If you’re me, you find this to be unacceptable.  If you’re software engineer Zack Thoutt, you do something about it.  Using an artificial intelligence program known as a Recurrent Neural Network, Thoutt set out to write the sixth book of the series on his own.  Which was probably a wise move since we all know that George R.R. Martin is never going to finish it.

The resulting effort is wildly entertaining as the AI program takes a stab at trying to write in Martin’s style, while also trying to make sense of over 5,000 prior pages of complex world building.  It even tries to advance the plot in what could be a sneak peak of the future of fiction writing.

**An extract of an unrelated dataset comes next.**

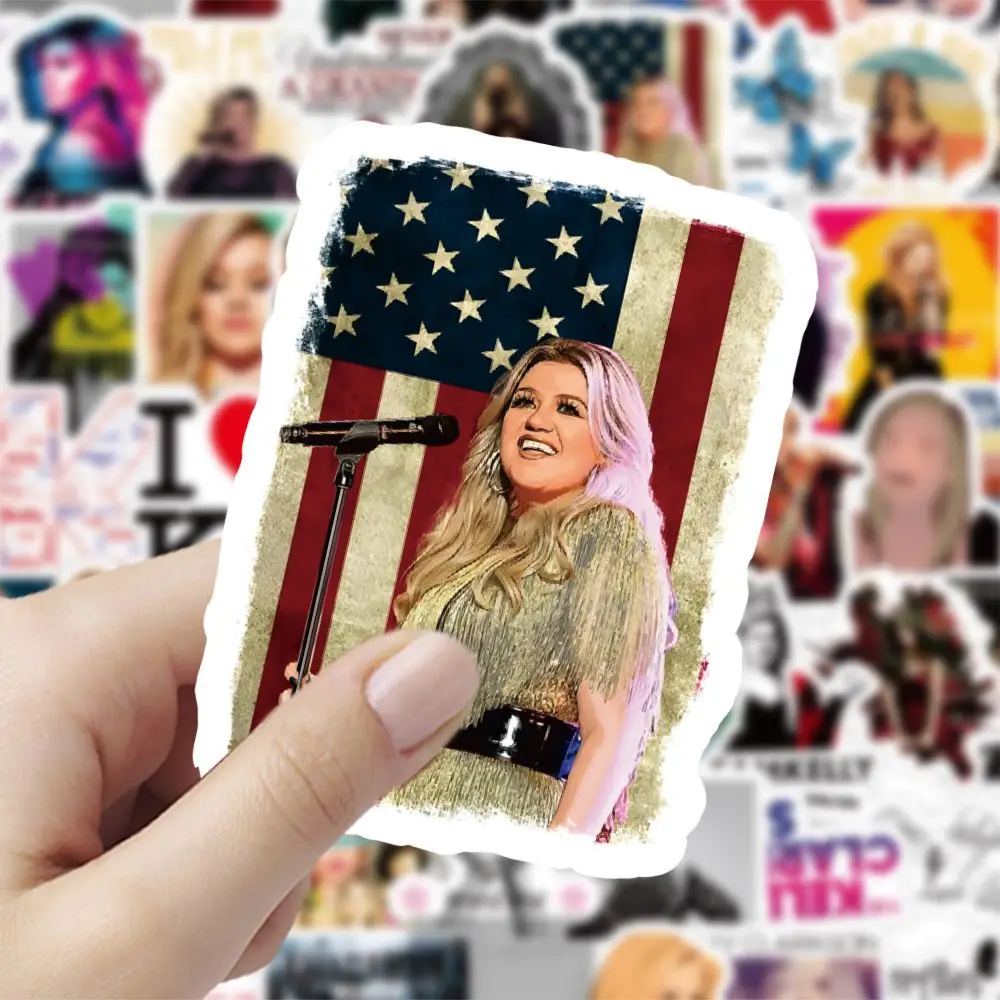 60Pcs/Set American Singer Kelly Clarkson Graffiti StickersNordic Style Phone Case Desktop Material Decoration Waterproof Sticker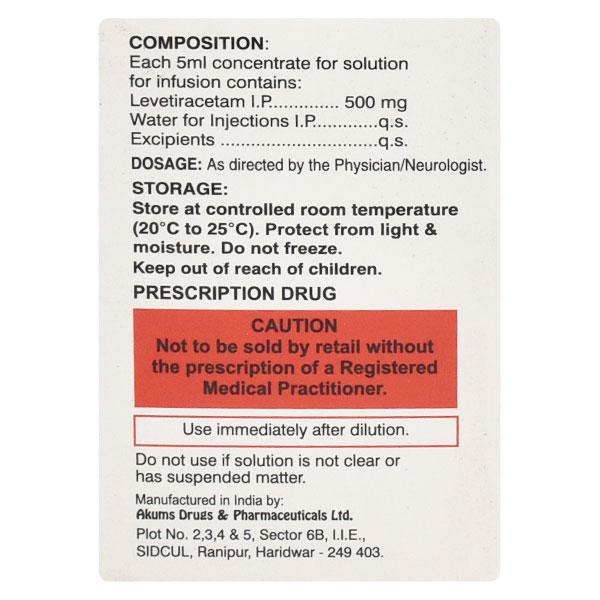 Keppra 100mg Solution 300ml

According to I Fucking Love Science:

“It goes on to take its own direction with the story, introducing a new character called Greenbeard. It predicts Jamie Lannister will *gasp* kill his sister Cersei, and that dragon queen Daenerys will be poisoned by her advisor Varys.

Of course, Martin’s actual storyline is likely to differ wildly. But it’s fun nonetheless to see AI learn his language and style, and then attempt to recreate it. Here’s another excerpt:

‘Jaime yelped, in the dirt, and came to climb off beside his bedchamber, and we could almost find the tunnel at once, but we’d shut it without battle if she sings, then, and you may storm woods for fire to the west, where we feed the others. The rats come home to their lives!’”

If that’s anything like how George R.R. Martin’s actual prose would sound then I won’t be reading the books anytime soon.  Watching the visual stunning hit HBO series is enough for me.  But then again my thirst for more thrones is such that I may have to reconsider my stance, whether it’s reading the original works or the neural network’s take.  Because when it comes to Game of Thrones, something is always better than nothing.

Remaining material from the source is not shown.